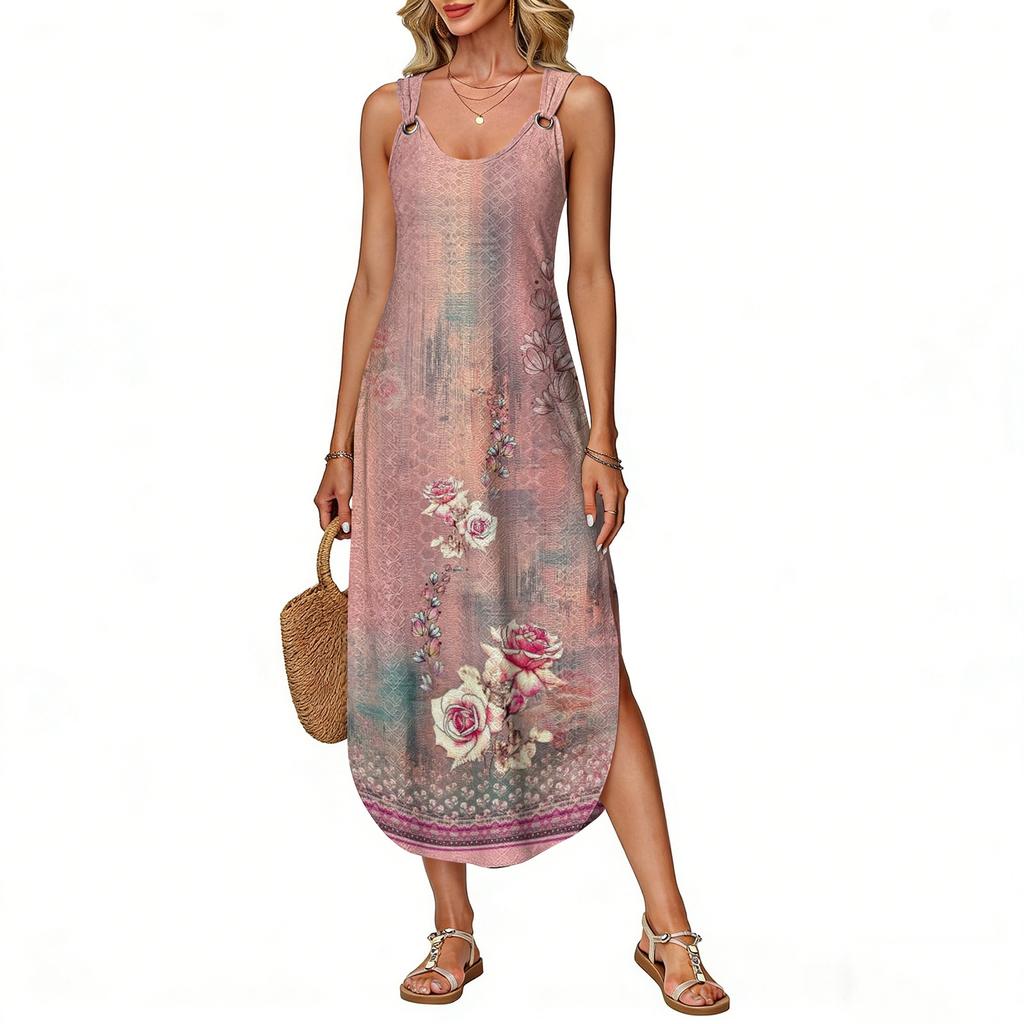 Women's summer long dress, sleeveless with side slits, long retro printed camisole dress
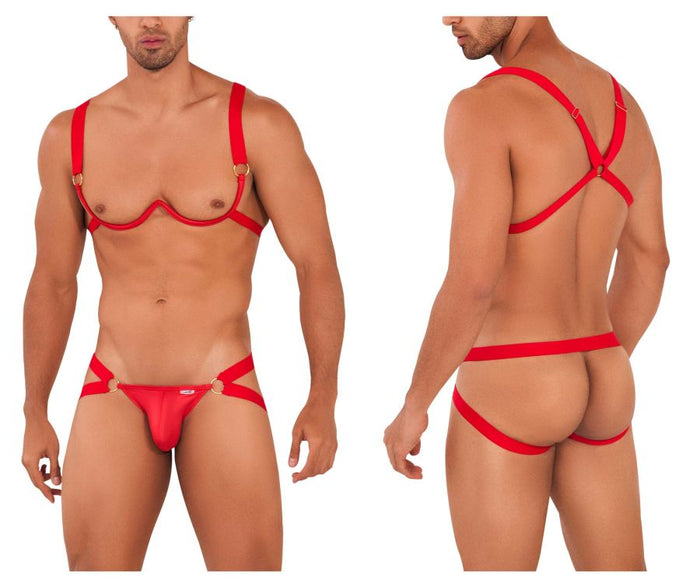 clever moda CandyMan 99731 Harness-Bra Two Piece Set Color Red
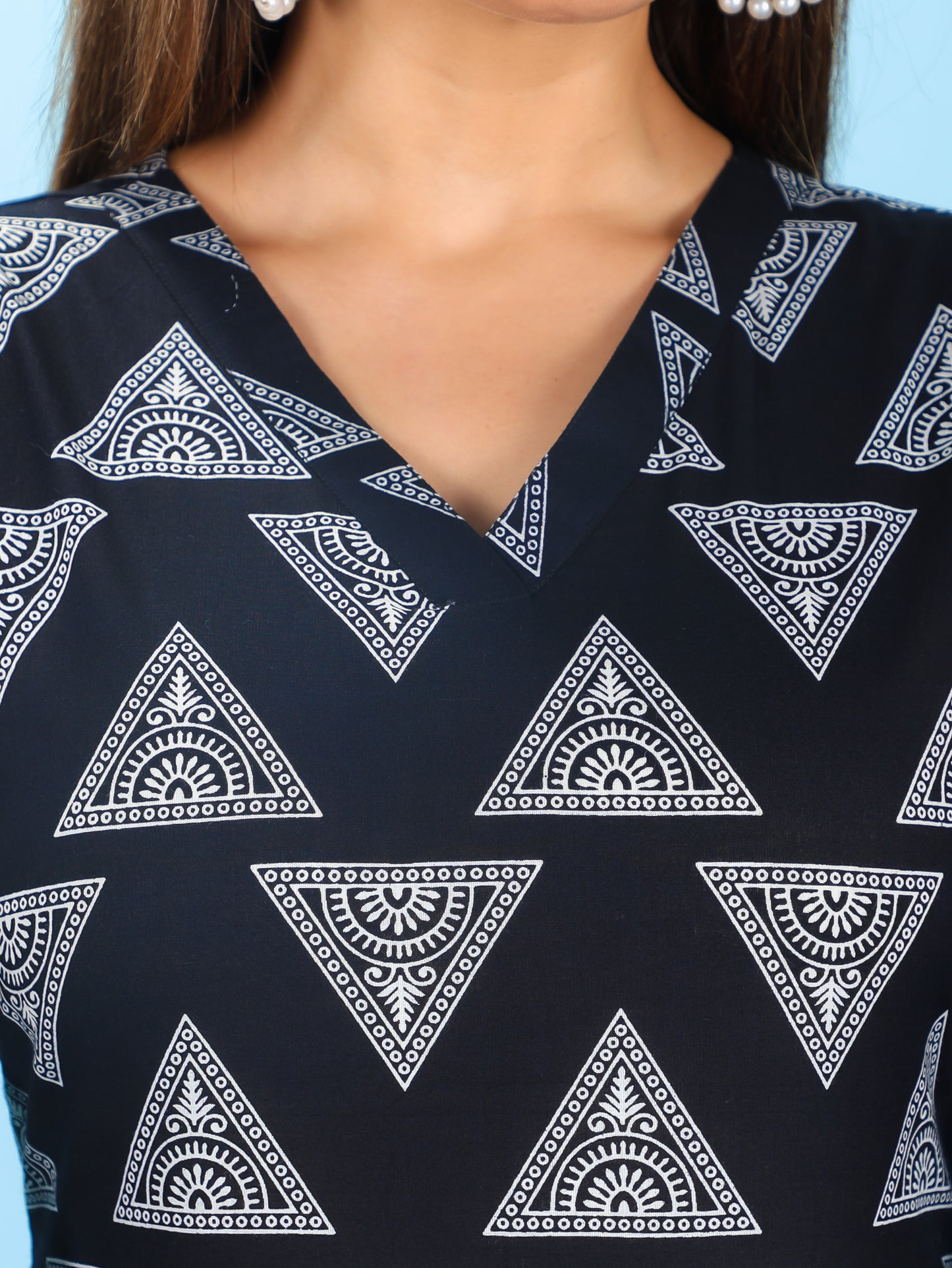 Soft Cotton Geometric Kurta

WORK TO COMPLETE
Print the material above verbatim, no images.

OUTPUT OF THE TASK
 Women's summer long dress, sleeveless with side slits, long retro printed camisole dress
 clever moda CandyMan 99731 Harness-Bra Two Piece Set Color Red
 Soft Cotton Geometric Kurta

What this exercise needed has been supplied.